◆ **Try it**: Using the records that appear below, write out exactly the lines from the one with "DC Housing Market" through the one with "AQUA CREST Faucet", keeping both end lines.

◆ **Task material**:
○ ○ ○
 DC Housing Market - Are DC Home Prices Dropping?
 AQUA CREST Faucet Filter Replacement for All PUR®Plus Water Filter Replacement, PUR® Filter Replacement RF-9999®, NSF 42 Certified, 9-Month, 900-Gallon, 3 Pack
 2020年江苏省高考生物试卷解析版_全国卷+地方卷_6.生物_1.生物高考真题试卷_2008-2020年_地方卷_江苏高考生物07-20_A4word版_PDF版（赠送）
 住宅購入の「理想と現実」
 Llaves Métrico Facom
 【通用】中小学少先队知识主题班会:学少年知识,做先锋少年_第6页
○ ○ ○
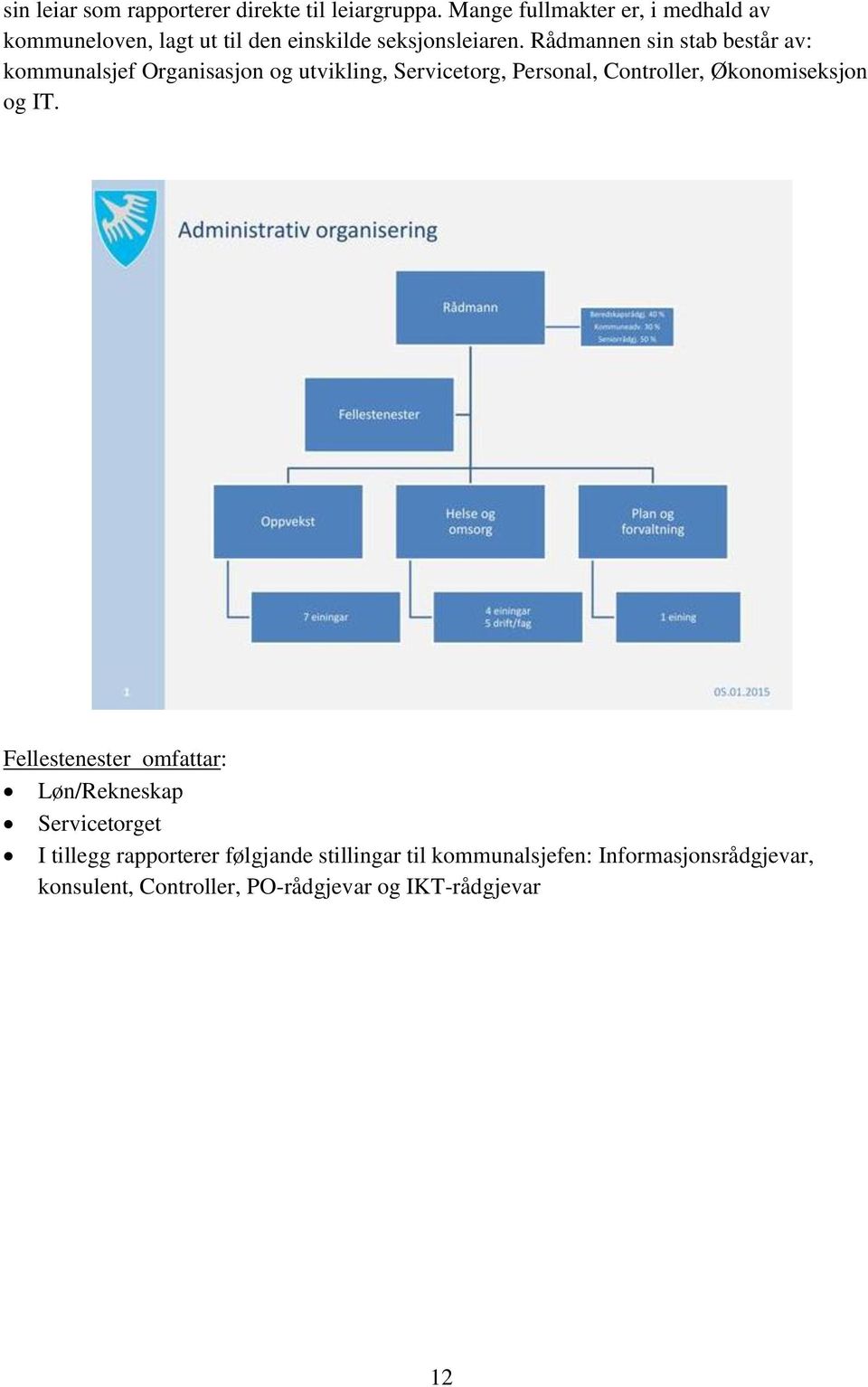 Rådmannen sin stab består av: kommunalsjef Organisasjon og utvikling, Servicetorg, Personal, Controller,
○ ○ ○
◆ **Answer to this exercise**:
 DC Housing Market - Are DC Home Prices Dropping?
 AQUA CREST Faucet Filter Replacement for All PUR®Plus Water Filter Replacement, PUR® Filter Replacement RF-9999®, NSF 42 Certified, 9-Month, 900-Gallon, 3 Pack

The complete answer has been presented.